__Data records__.
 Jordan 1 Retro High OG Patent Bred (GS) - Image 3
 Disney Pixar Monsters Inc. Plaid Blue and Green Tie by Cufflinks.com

--

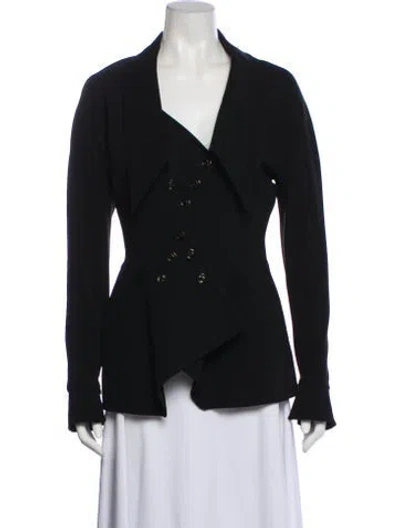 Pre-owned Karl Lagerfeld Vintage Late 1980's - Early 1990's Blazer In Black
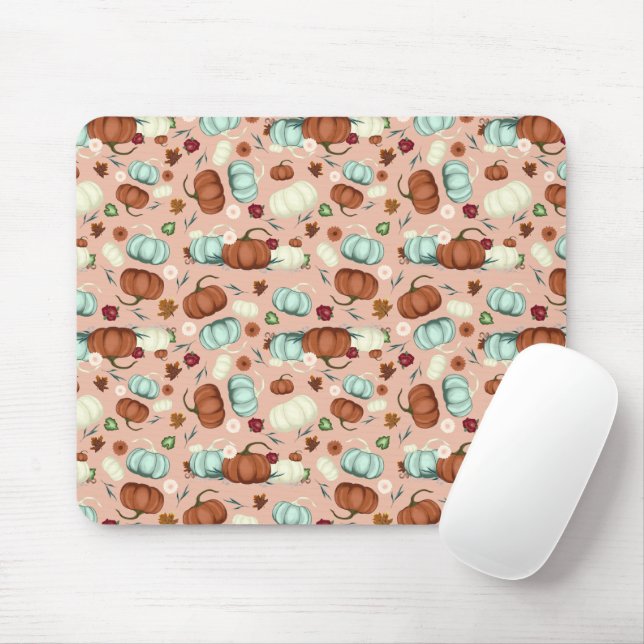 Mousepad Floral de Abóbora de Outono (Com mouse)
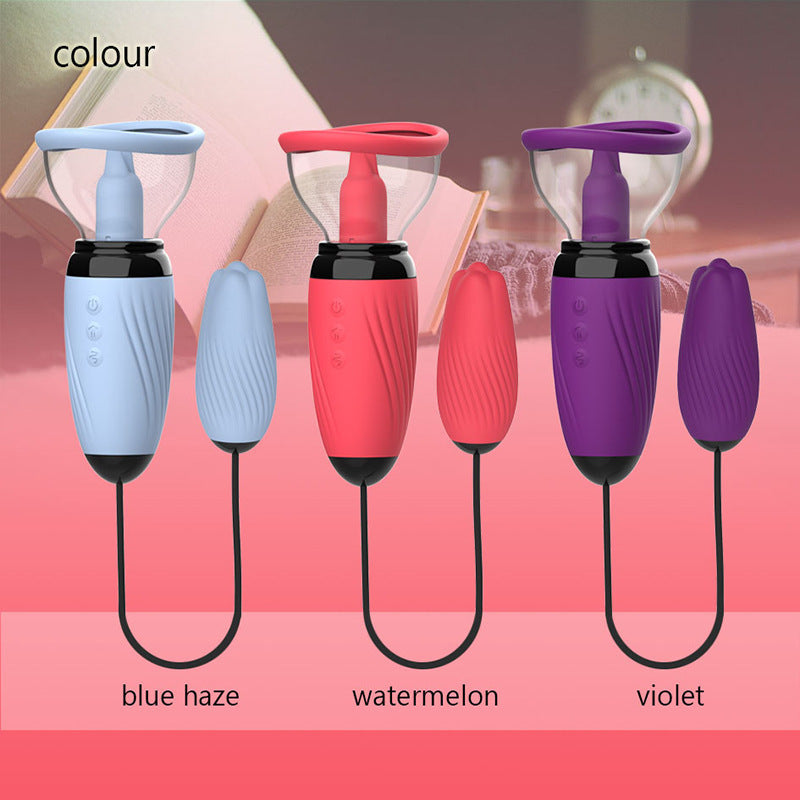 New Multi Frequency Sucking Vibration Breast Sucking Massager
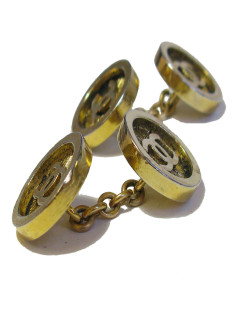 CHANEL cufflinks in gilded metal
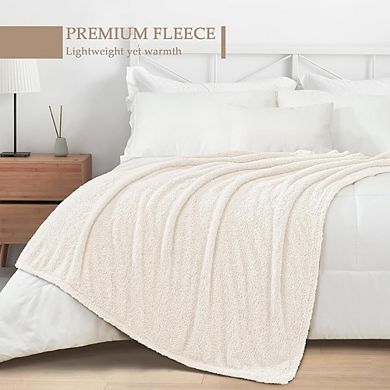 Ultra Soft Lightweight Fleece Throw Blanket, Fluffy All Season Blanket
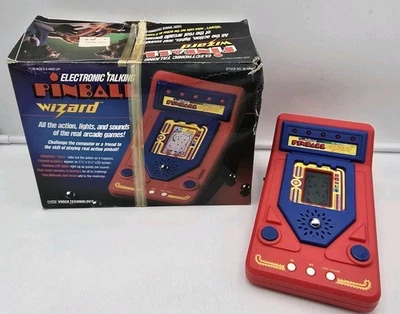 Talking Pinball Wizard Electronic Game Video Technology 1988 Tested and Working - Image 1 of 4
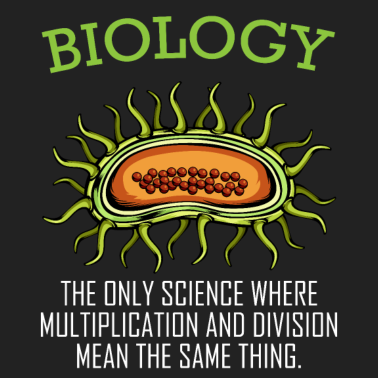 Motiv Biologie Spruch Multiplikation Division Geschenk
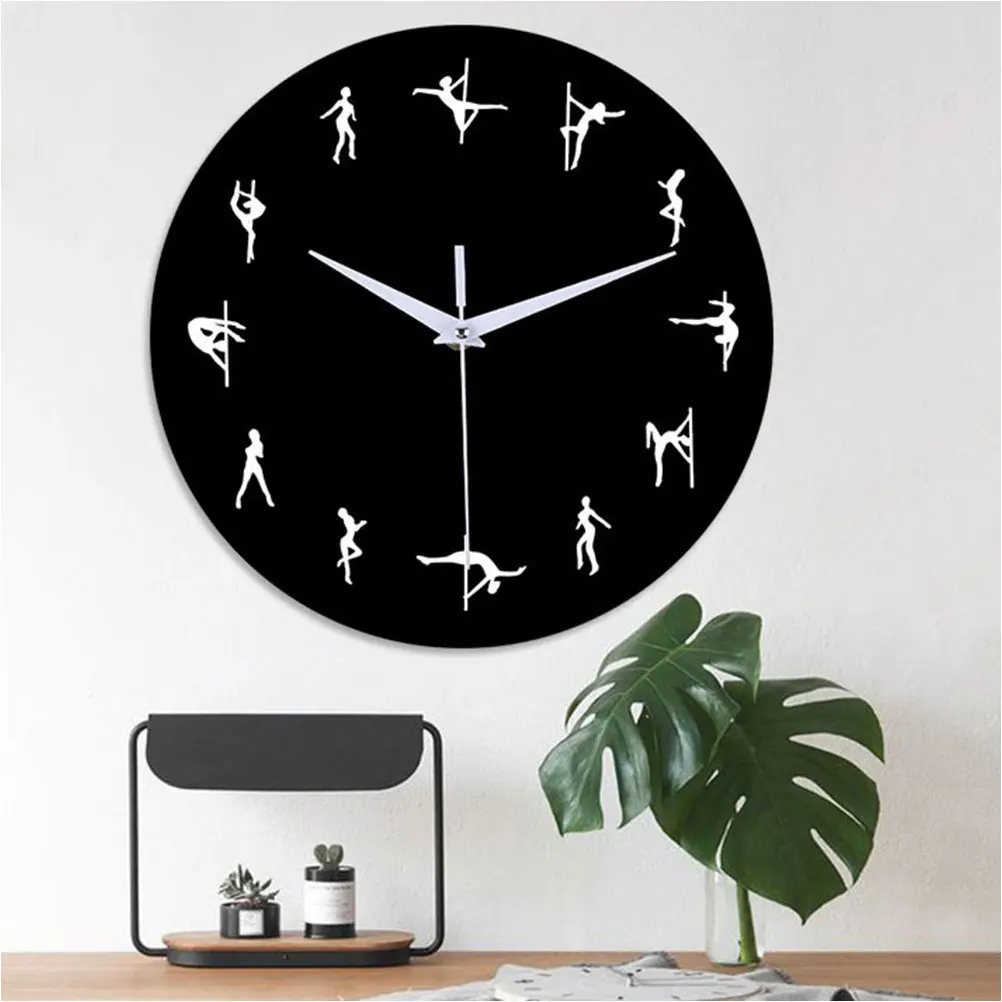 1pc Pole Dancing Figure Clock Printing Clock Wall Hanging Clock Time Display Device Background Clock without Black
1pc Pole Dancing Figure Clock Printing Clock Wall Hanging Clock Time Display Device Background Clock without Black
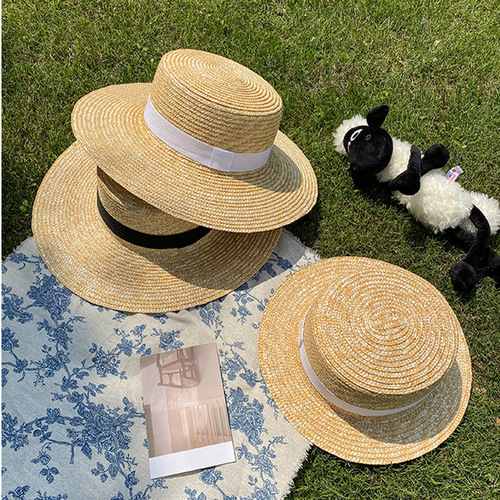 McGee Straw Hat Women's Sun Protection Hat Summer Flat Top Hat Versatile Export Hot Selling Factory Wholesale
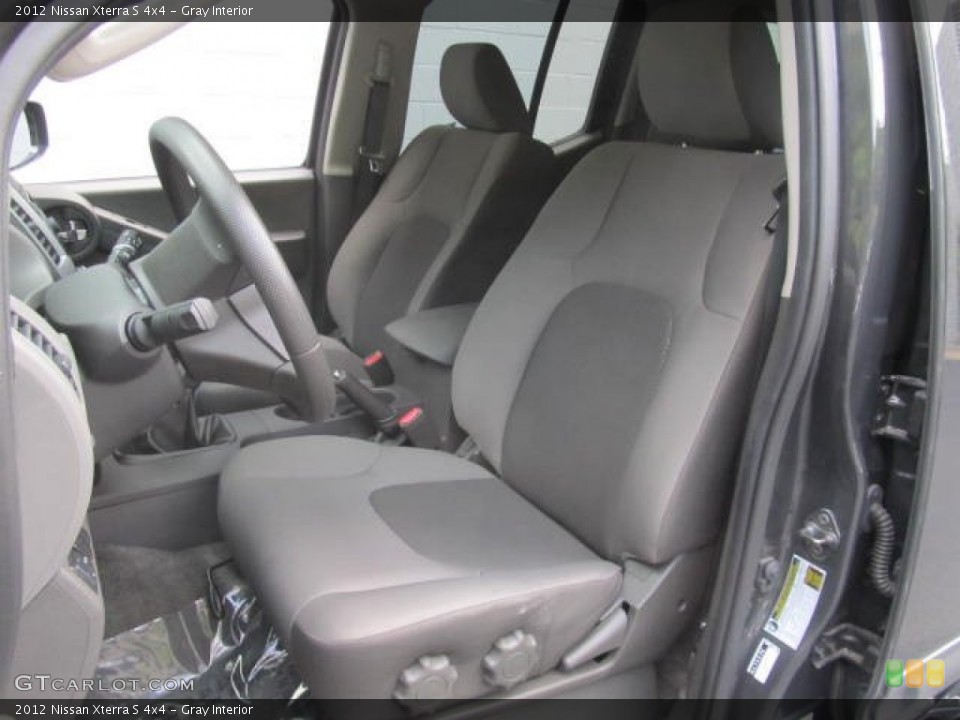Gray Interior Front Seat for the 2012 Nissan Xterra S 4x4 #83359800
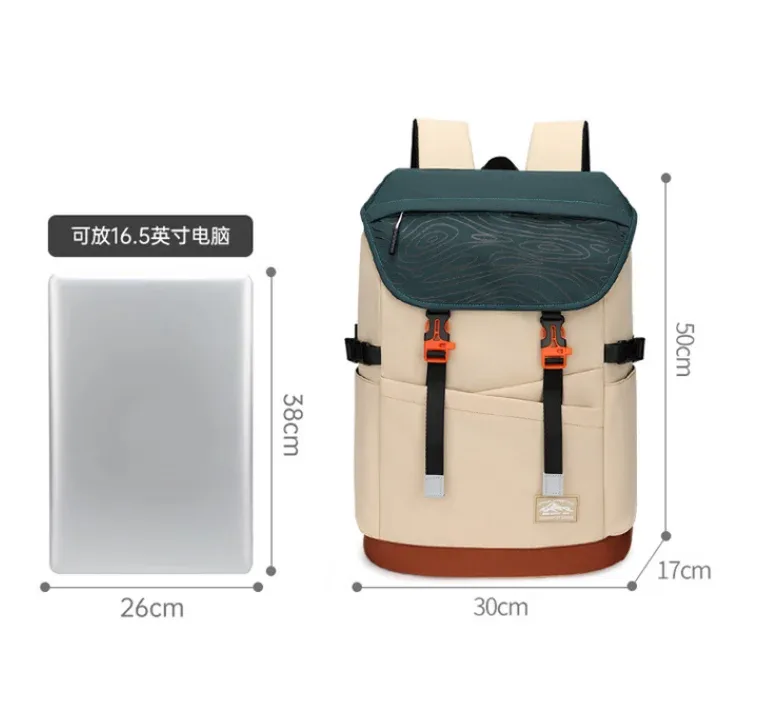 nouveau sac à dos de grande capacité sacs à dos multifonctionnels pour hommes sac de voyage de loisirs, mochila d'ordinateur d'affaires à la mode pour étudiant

__How to complete this task__.
Write out, word for word, the stretch of entries that begins at the line with "Ultra Soft Lightweight" and ends at the line with "Gray Interior Front". Pictures do not belong in it.

__Exercise response__.
 Ultra Soft Lightweight Fleece Throw Blanket, Fluffy All Season Blanket
 Talking Pinball Wizard Electronic Game Video Technology 1988 Tested and Working - Image 1 of 4
 Motiv Biologie Spruch Multiplikation Division Geschenk
 1pc Pole Dancing Figure Clock Printing Clock Wall Hanging Clock Time Display Device Background Clock without Black
1pc Pole Dancing Figure Clock Printing Clock Wall Hanging Clock Time Display Device Background Clock without Black
 McGee Straw Hat Women's Sun Protection Hat Summer Flat Top Hat Versatile Export Hot Selling Factory Wholesale
Gray Interior Front Seat for the 2012 Nissan Xterra S 4x4 #83359800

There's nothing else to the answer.